Becoming a
Theatrical Doctor 2010 – 2016

After working on socially engaged theatre projects in the UK and Southeast Asia for almost 15 years, I wanted to think more concertedly, and objectively, about this way of using theatre in the world.

I was introduced to the Theatre Studies Programme at the National University of Singapore and in 2010 I went there, on a scholarship, to write a PhD. During the first two years of my doctoral studies I taught theatre to undergraduates and took classes on theatre, anthropology and the social sciences.

I learnt about detailed methods for conducting academic research, how to write about the experiences I had had, and through consultation, how to translate the experiences of other theatre people in the region, too.

Special recognition must therefore go to The Makhampom Foundation, Thailand, Gitameit (Music and Friends), Yangon, Thukhuma Khayeethe (Arts Traveller) Theatre, also in Yangon, and SETA – Shan Educational Theatre Association, whose work was at the very heart of my research.

One of the unique things that arose out of my PhD was an interest and method in paying attention to different types of silence, or what I came to call “discerning silences”.

I used this method to help me tell a bigger story about socially engaged theatre-making in Burma/Myanmar and Thailand. To do this I had to think carefully about history and the changing social and political situations affecting the lives and work of the people I researched with.

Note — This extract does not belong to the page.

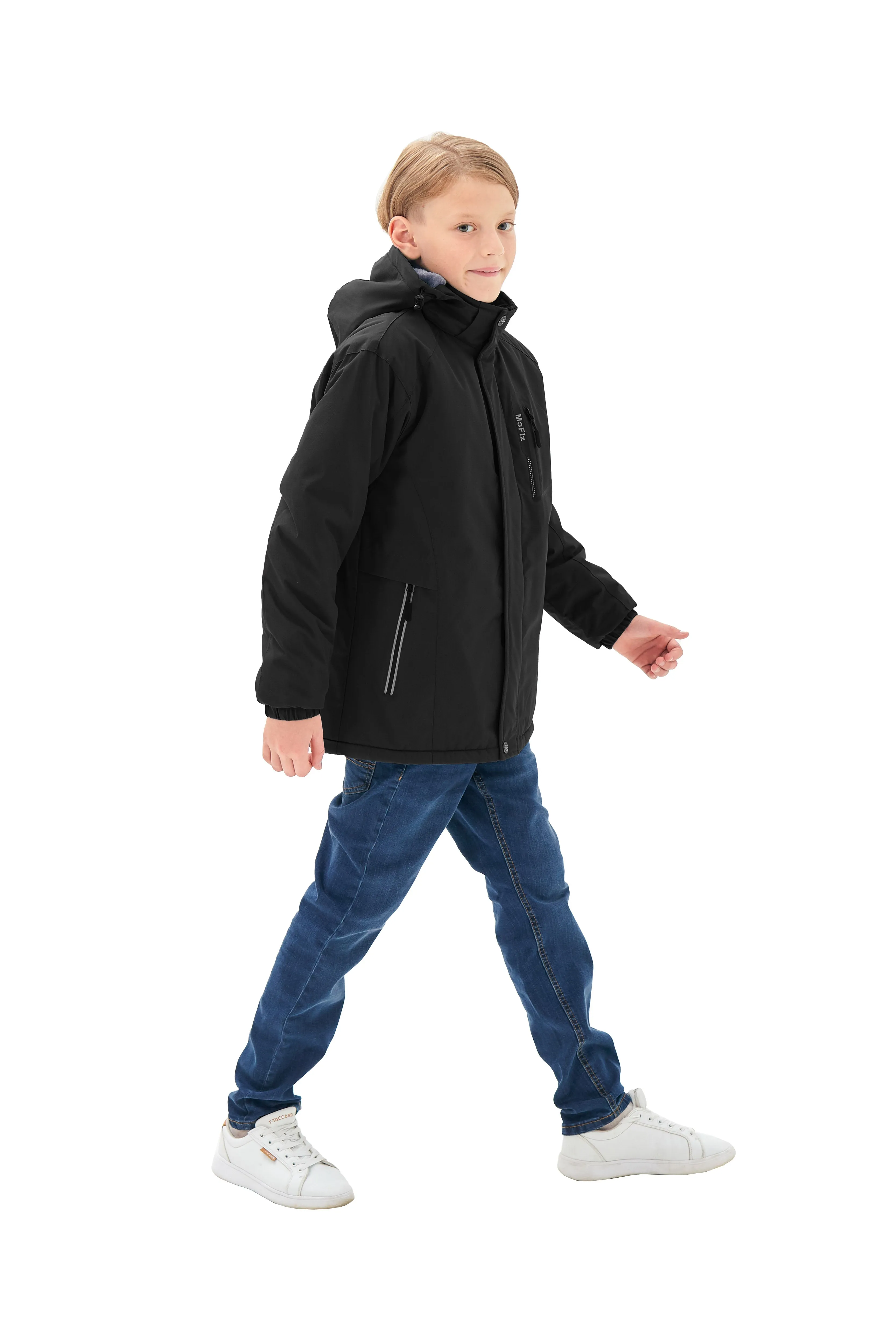 Boys' Winter Ski Warm Hooded Jacket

My eventual thesis title was: Making Theatre, Discerning Silences: Engagements with Social Change in Burma/Myanmar and Thailand. I’m currently turning this thesis into a book, as featured on the Home page of the website.

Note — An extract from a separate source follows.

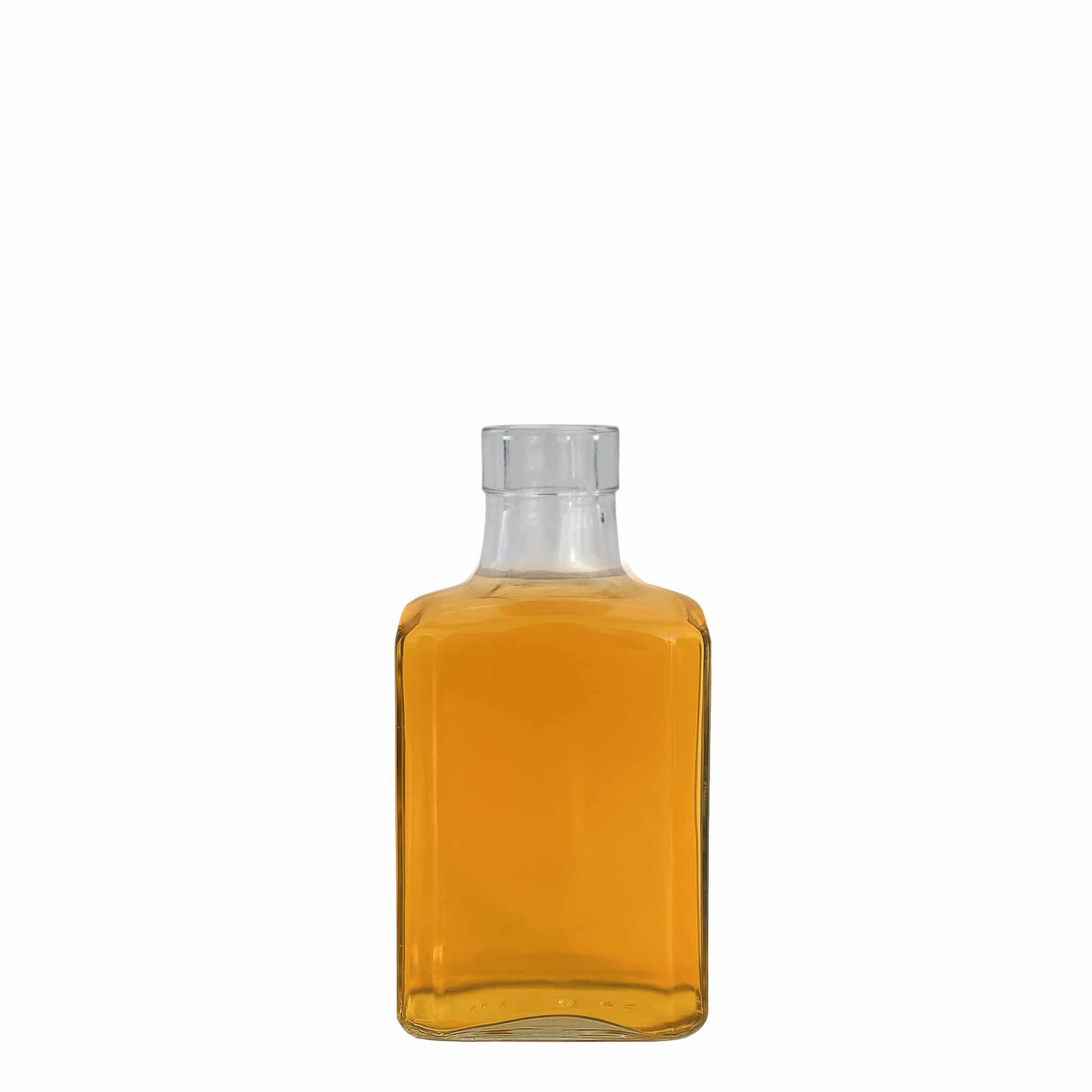 Staklena boca od 250 ml „Decanter Quadro s gornjim rubom“, kvadratna, grlo: pluto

University life can indeed feel very removed from the lives and situations that my earlier work tried to address. However, if we use ‘academic storytelling’ effectively, we can help bridge that gap, between ‘the university’ and the ‘outside world’.

Part of cultural diplomacy, and academic diplomacy for that matter, should be that we try to find ways to reach out, across one group of people’s experiences, to another, and start a dialogue. For this reason, I’m exploring ways to write my book so that it can function within the university setting, and also be accessible and meaningful to other theatre interested people.

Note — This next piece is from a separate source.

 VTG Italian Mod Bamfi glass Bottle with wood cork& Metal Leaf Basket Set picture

I would dearly love to see more time given for all theatre people to come together, and work together, on providing theatre and storytelling space across society, whoever we are, or where ever we come from.

Theatre and storytelling can be an excellent way to bring a variety of people into contact with one another, so that we can have conversations about our different experiences, and also reflect on some of the common ground we share: what we suffer and abhor, what we love, and that which gives us the most joy.